Another consideration is tipping culture. With more card payments being taken at the table in the U.S., many guests are uncomfortable with the presumption implied by displaying an option to enter a tip, in addition to having the server standing over them while they punch in their chosen percentage.
To meet consumer demand, restaurants need to offer a range of tableside payment options to suit their guests’ preferences. Cash is still the fastest way to exit a restaurant, but we know what is happening to cash. And, if the goal is to improve speed and efficiency of card payments, there is still a significant amount of drag in a tableside POS model that requires a server bringing a card machine to the table.
Smartphone payment is key
Clearly, offering guests an option to pay quickly, from their table and in their own time, is highly desirable. And the fastest route to achieving this is via their smartphone.
An estimated 31% of iPhone users made a purchase using Apple Pay in the 2018, while 47% of consumers expect to be using mobile payment and digital wallets by 2020. The rise seen in mobile payments and digital wallets is not only attributed to the increased safety that biometric authentication provides. It also comes as society is beginning to expect seamless, one-click or voice activated payments – just see the success of Amazon, the rapid growth in the Internet of Things, and the rise of contactless payments in Europe, where one in every two transactions are now tap to pay.
But, if you still have to wait for a server to bring bring the tableside POS device to the table to take your contactless phone payment, you aren’t really saving any time at all.
And, while it works well in certain cases, the traditional mobile app model is relatively high friction – requiring you to download an app and often to register your details for an account, when most of the time you just want to do something quick and simple, like ordering and paying for a meal. In many cases, customers will simply not bother to download an app to avoid the hassle of downloading yet another app and cluttering up their phone even further.
Turn the table into a payment terminal
Recent technology developments provide the ability to remove friction from this scenario by allowing guests to use their own mobile devices to pay from their table, but, crucially, with no apps required.

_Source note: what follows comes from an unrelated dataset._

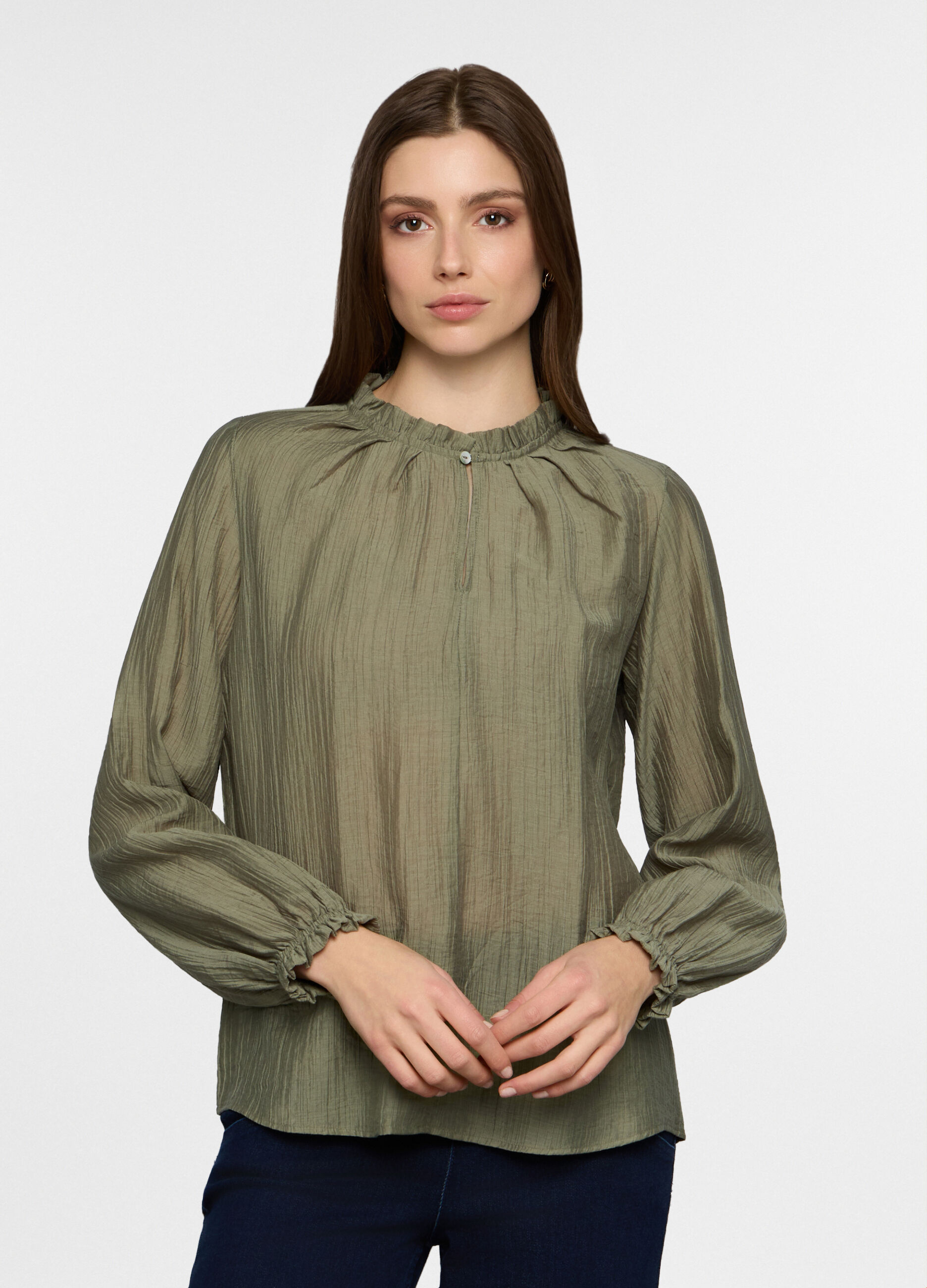 Blusa crepe regular fit con scollo a goccia donna_0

By using web app technology and placing a small NFC chip or QR code on to the surface any table can be turned into a contactless payment device.
Guests can check-in at their table by tapping their smartphone on an NFC tag or scanning a QR code, using the phone’s native capabilities (again, no downloads required). This automatically connects the customer’s phone to the restaurant point of sale and brings up a digital version of their check on a secure web page, where they can review their bill, split it, add a tip and pay.

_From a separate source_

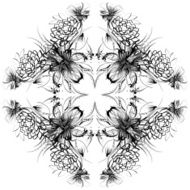 Roses and camomiles Mandala freehand drawing ornament pattern N8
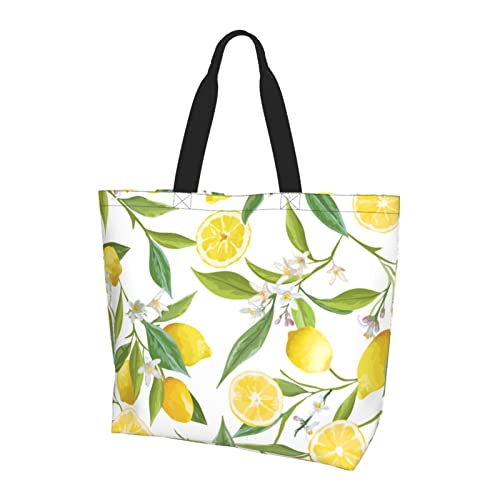 MAZBIT Fresh Tropical Lemons Damen Fashion Große Kapazität Schultertasche Einkaufstasche Tragetasche für den täglichen Gebrauch, Frische tropische Zitronen, Einheitsgröße von MAZBIT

Integrating this technology with the point of sale, payment provider and the table management system creates a seamless experience that requires no input from wait staff. Simplicity is key. By enabling a contactless phone payment at table, the time from check-in to payment can take well under a minute.

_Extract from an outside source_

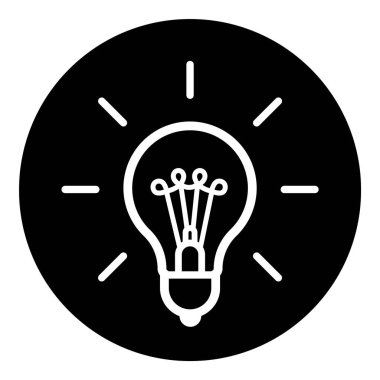 Ampul Fikri Ampul Düz Kabartma Simgesi Beyaz Arkaplanda İzole Edildi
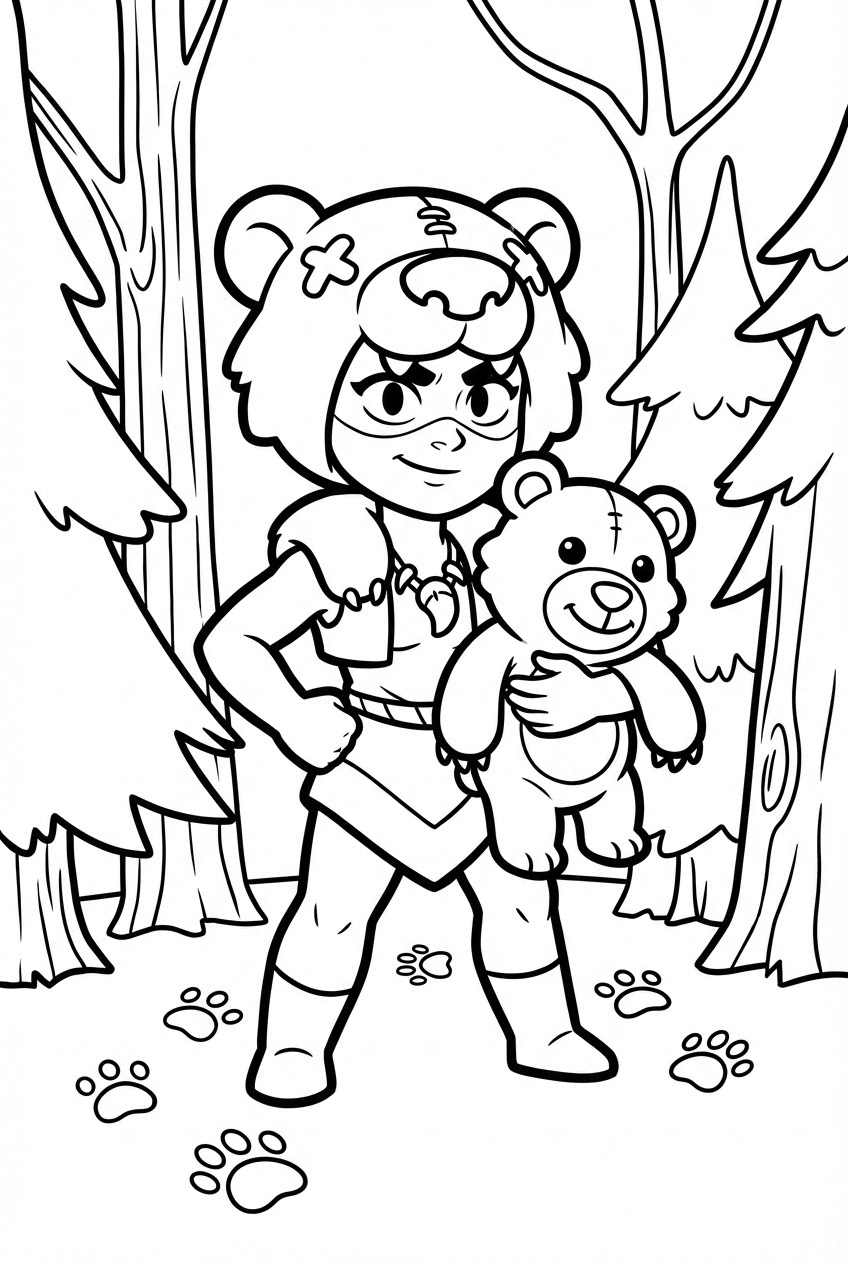 Brawl Stars kleurplaat van Nita met haar berenknuffel in het bos met bomen en pootafdrukken.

Improve the guest experience… and more…
This approach to tableside payment can benefit restaurant operators in several areas. The most obvious is the improved guest experience that comes from reducing the time diners spend waiting to pay. Eliminating the dead time associated with serving staff going back and forth between table and the POS also frees up staff to focU.S. on providing a higher level of customer service. And, by allowing guests to tip privately on their own phone, operators can remove the discomfort they may feel when asked to enter their tip on a tableside POS.
Allowing guests to use their own mobile devices reduces the need to provide multiple tableside POS devices, which means lower hardware costs for operators. This approach can also help reduce instances of “dine and dash”, where guests leave without paying due to the length of time it takes to get the check from the server, or because they simply forget. Mobile pay at table addresses both of these issues by giving guests the flexibility to pay whenever they are ready, and by offering a visual reminder for guests to pay in the form of the QR code/NFC tag on the table.
By taking advantage of the standard capabilities of the modern smartphone, restaurant operators now have the opportunity to go a step beyond tableside POS and eliminate the drag associated with paying the check.